27En als iemand in een andere taal spreekt, laat het dan door twee of hoogstens drie mensen gedaan worden, ieder op zijn beurt, en laat één het uitleggen.
28Maar als er geen uitlegger is, laat hij dan in de gemeente zwijgen, maar laat hij tot zichzelf spreken en tot God.
29En laten twee of drie profeten spreken, en laten de anderen het beoordelen.
30En als aan een ander die daar zit, iets geopenbaard wordt, laat dan de eerste zwijgen.
31Want u kunt allen, de één na de ander, profeteren, opdat allen leren en allen bemoedigd worden.
32En de geesten van de profeten zijn aan de profeten zelf onderworpen.
33Want God is geen God van wanorde, maar van vrede, zoals in alle gemeenten van de heiligen.
34Laten uw vrouwen in de gemeenten zwijgen. Het is hun immers niet toegestaan te spreken, maar bevolen onderdanig te zijn, zoals ook de wet zegt.
35En als zij iets willen leren, laten zij dat dan thuis aan hun eigen man vragen.
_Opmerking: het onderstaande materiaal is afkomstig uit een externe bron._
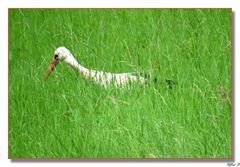 Storch bei der Futtersuche -2 -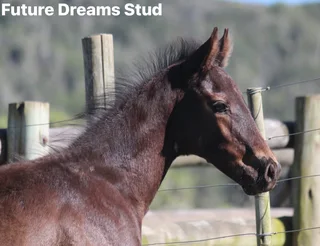 Thoroughbred x Warmblood x Friesian Colt Av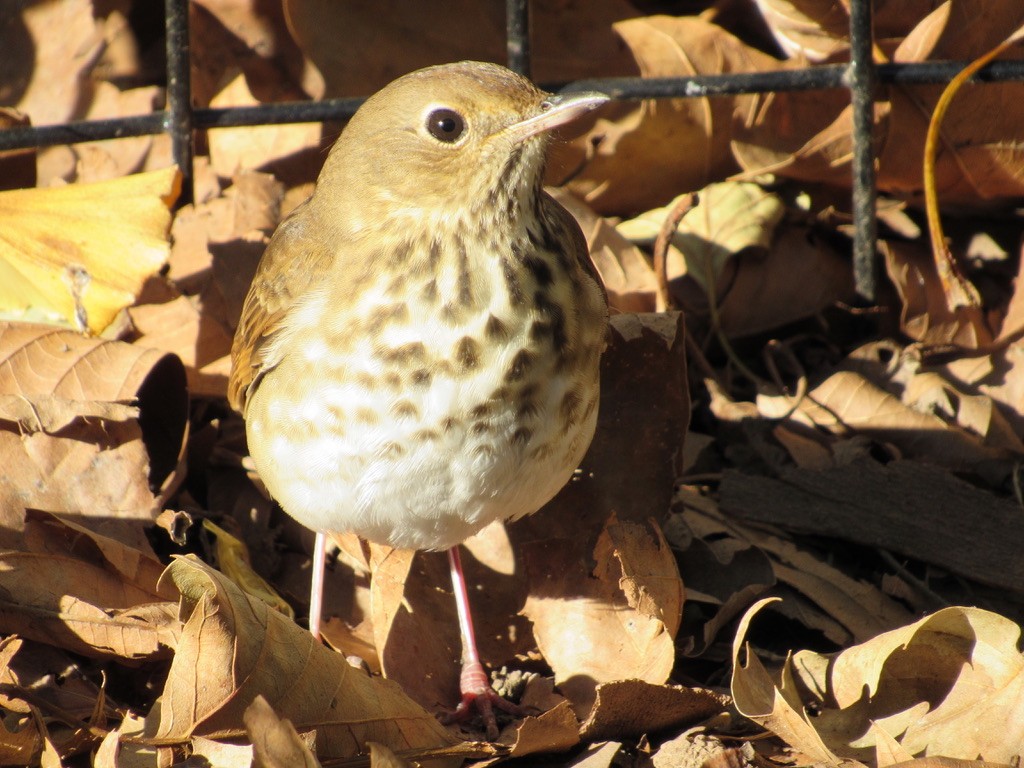 Hermit Thrush - ML386676591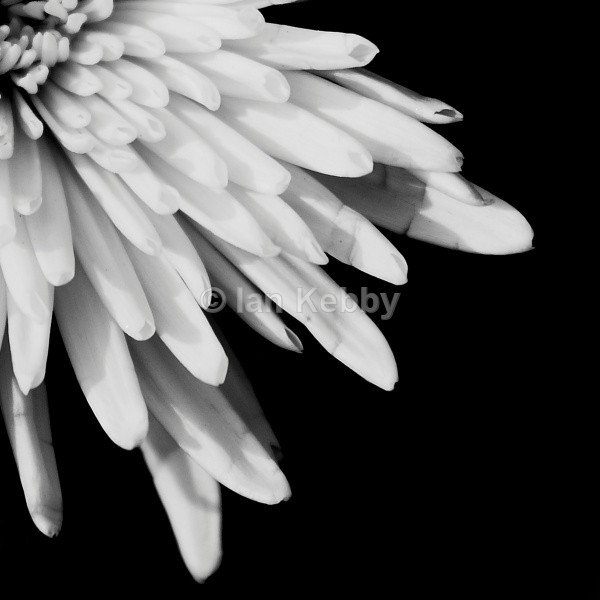  - Flora & Fauna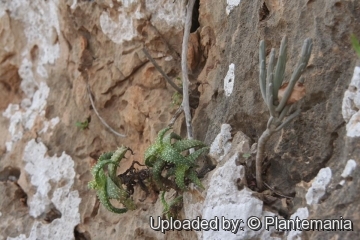 Aloe squarrosa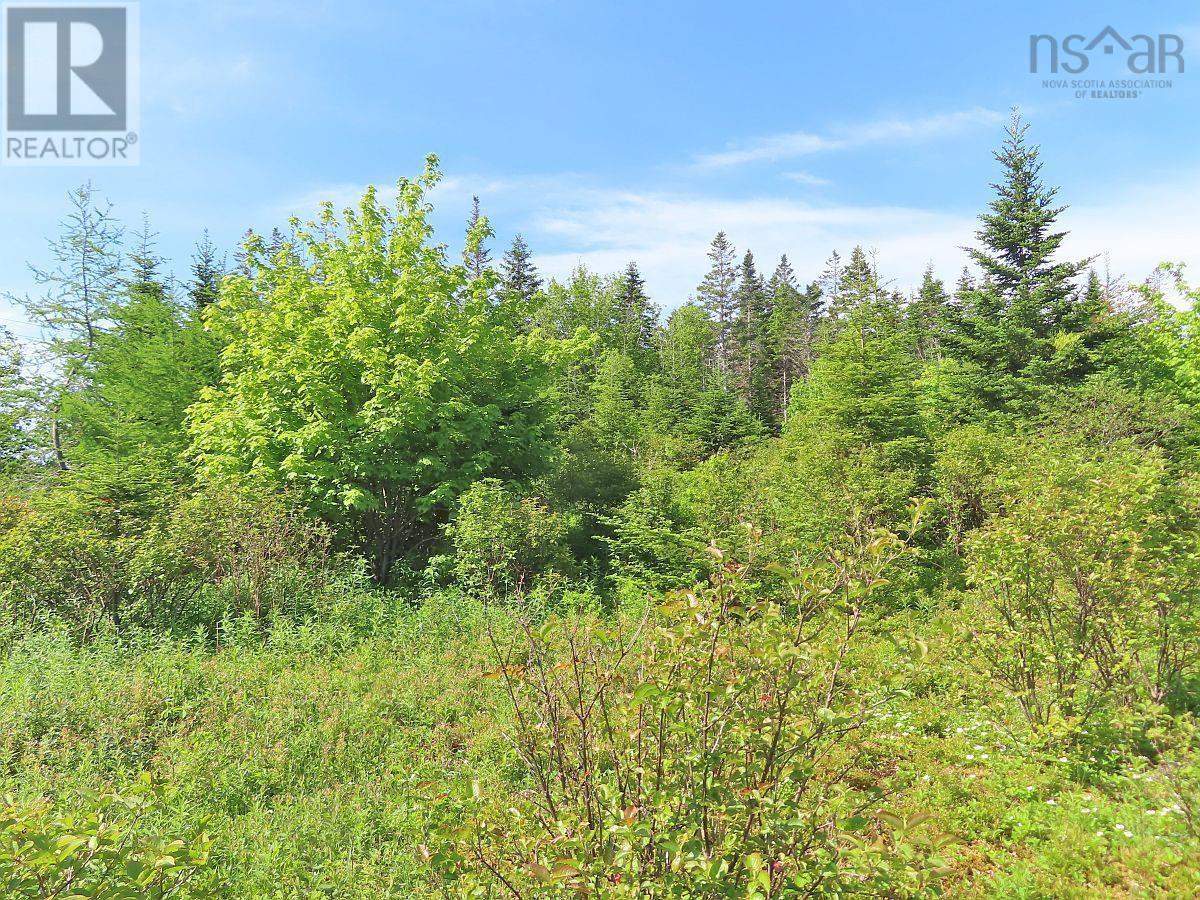 Lot 2 Old Trunk 4 Highway Property Photo 20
Het is immers schandelijk voor vrouwen om in de gemeente te spreken.
36Of is het Woord van God van ú uitgegaan? Of heeft het alleen ú bereikt?
37Als iemand denkt dat hij een profeet is of een geestelijk mens, laat hij dan erkennen dat wat ik u schrijf geboden van de Heere zijn.
38Maar als iemand onwetend wil zijn, laat hij onwetend zijn.
39Daarom, broeders, streef ernaar om te profeteren, en verhinder het spreken in andere talen niet.
40Laat alle dingen op een gepaste wijze en in goede orde gebeuren.